Saturday, March 28, 2009

As green turns to greed(ier)

And so it is. New world order. New world economy. One world. Ambitious plan, but dangerous.

Among the tools that are considered are the cap-and-trade system for controlling carbon emissions that has been espoused by the Obama administration; "carbon taxes" on imported fuels and energy-intensive goods and industries, including airline transportation; and lower subsidies for those same goods, as well as new or higher subsidies for goods that are considered "environmentally sound."

Other tools are referred to only vaguely, including "energy policy reform," which the report indicates could affect "large-scale transportation infrastructure such as roads, rail and airports." When it comes to the results of such reform, the note says only that it could have "positive consequences for alternative transportation providers and producers of alternative fuels."

In the same bland manner, the note informs negotiators without going into details that cap-and-trade schemes "may induce some industrial relocation" to "less regulated host countries." Cap-and-trade functions by creating decreasing numbers of pollution-emission permits to be traded by industrial users, and thus pay more for each unit of carbon-based pollution, a market-driven system that aims to drive manufacturers toward less polluting technologies.

The note adds only that industrial relocation "would involve negative consequences for the implementing country, which loses employment and investment." But at the same time it "would involve indeterminate consequences for the countries that would host the relocated industries."

There are also entirely new kinds of tariffs and trade protectionist barriers such as those termed in the note as "border carbon adjustment"— which, the note says, can impose "a levy on imported goods equal to that which would have been imposed had they been produced domestically" under more strict environmental regimes.

Another form of "adjustment" would require exporters to "buy [carbon] offsets at the border equal to that which the producer would have been forced to purchase had the good been produced domestically."

The impact of both schemes, the note says, "would be functionally equivalent to an increased tariff: decreased market share for covered foreign producers." (There is no definition in the report of who, exactly, is "foreign.") The note adds that "If they were implemented fairly, such schemes would leave trade and investment patterns unchanged." Nothing is said about the consequences if such fairness was not achieved.

Welcome to the Old World!

On another note, the (s)witching hour will only benefit the world $21,000.00 (or in terms of emissions, like "switching off China's emissions for six short seconds.") Bjorn Lomborg continues in his op-ed in The Australian:
In Australia last year, Earth Hour's organisers required participating businesses to pledge to reduce their emissions by 5 per cent during the following year.
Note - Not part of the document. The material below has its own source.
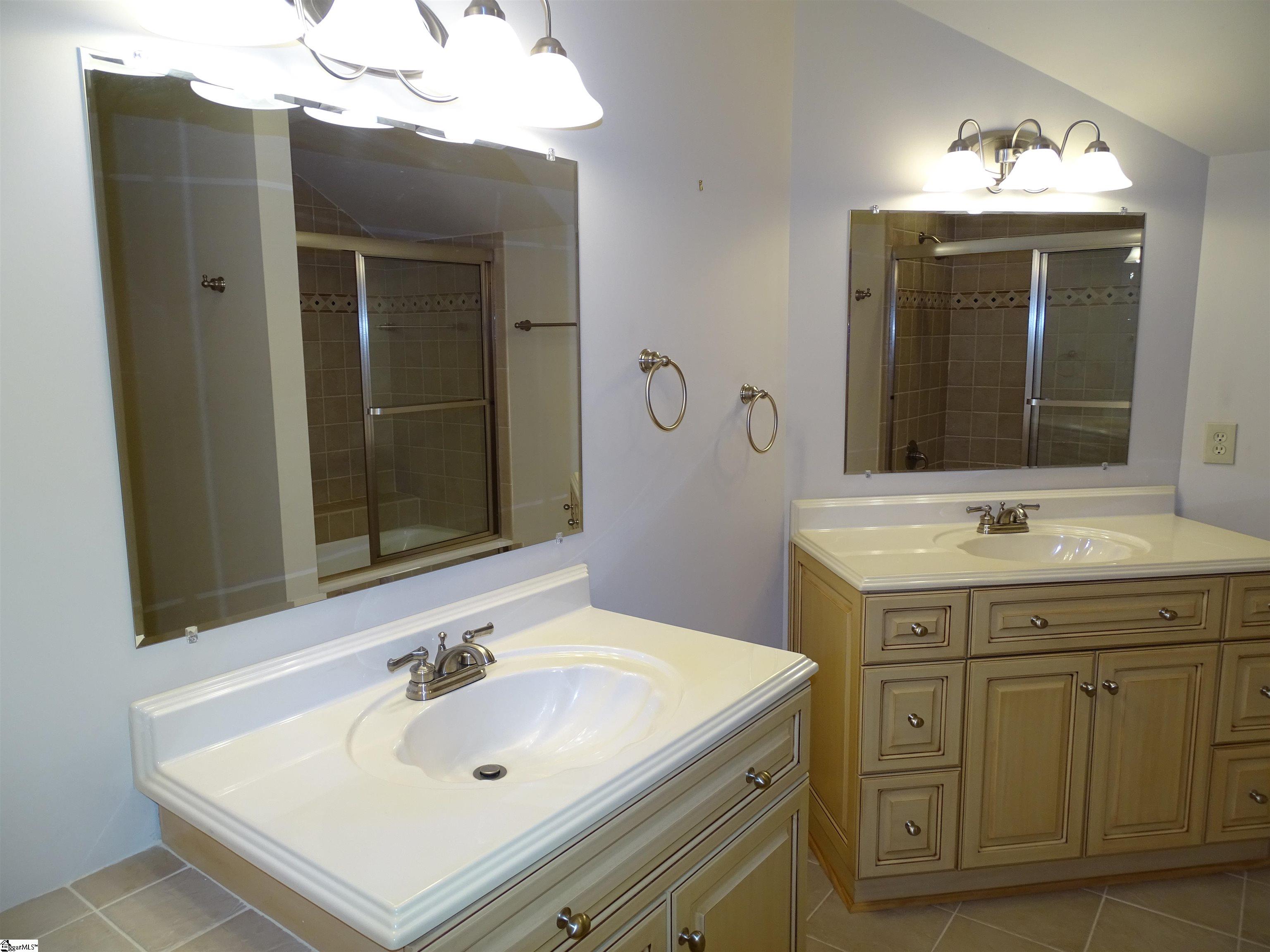 481 Bollweevil Way Wellford, SC 29385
This year, that requirement has been dropped. "We decided we'd actually downplay (concrete cuts)this time," the chief executive of WWF Australia told The Sunday Age. There apparently has been no accounting of whether last year's sponsors lived up to their pledge. The Sunday Age reported last week: "An analysis of the key sponsors of Earth Hour reveals that most have reported increased emissions in their most recent figures."
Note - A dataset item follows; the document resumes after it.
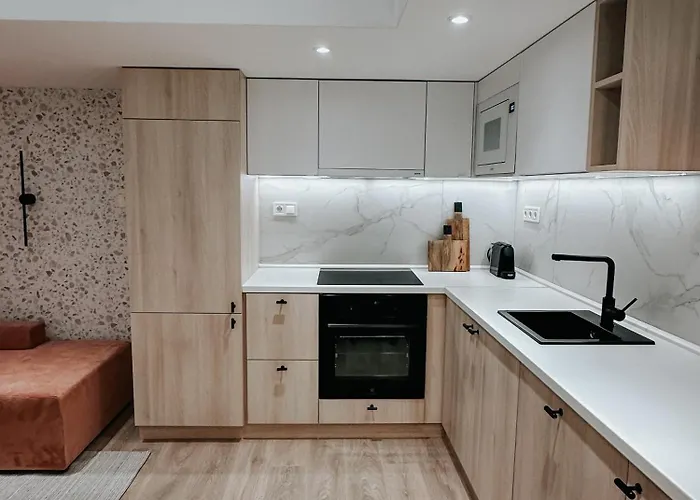 Jókai-j18 Three Bedroom Stylish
And it gets worse: the event could cause higher overall pollution than if we just left our lights on. When asked to extinguish electricity, people turn to candlelight. Candles seem natural, but are almost 100 times less efficient than incandescent light globes, and more than 300 times less efficient than fluorescent lights. If you use one candle for each extinguished globe, you're essentially not cutting CO2 at all, and with two candles you'll emit more CO2. Moreover, candles produce indoor air pollution 10 to 100 times the level of pollution caused by all cars, industry and electricity production.
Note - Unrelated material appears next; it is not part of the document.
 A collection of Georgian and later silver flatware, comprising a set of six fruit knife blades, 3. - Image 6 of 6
No wonder that even committed climate campaigners are sceptical. Clive Hamilton, author of Scorcher: The Dirty Politics of Climate Change, told The Sunday Age last week that "we are well past the time for feel-good exercises aimed at raising awareness. It's like the band playing on as the Titanic sinks."

He said there was a real danger that Earth Hour convinced people we were making progress on climate change when we were not. And it let business and government off the hook.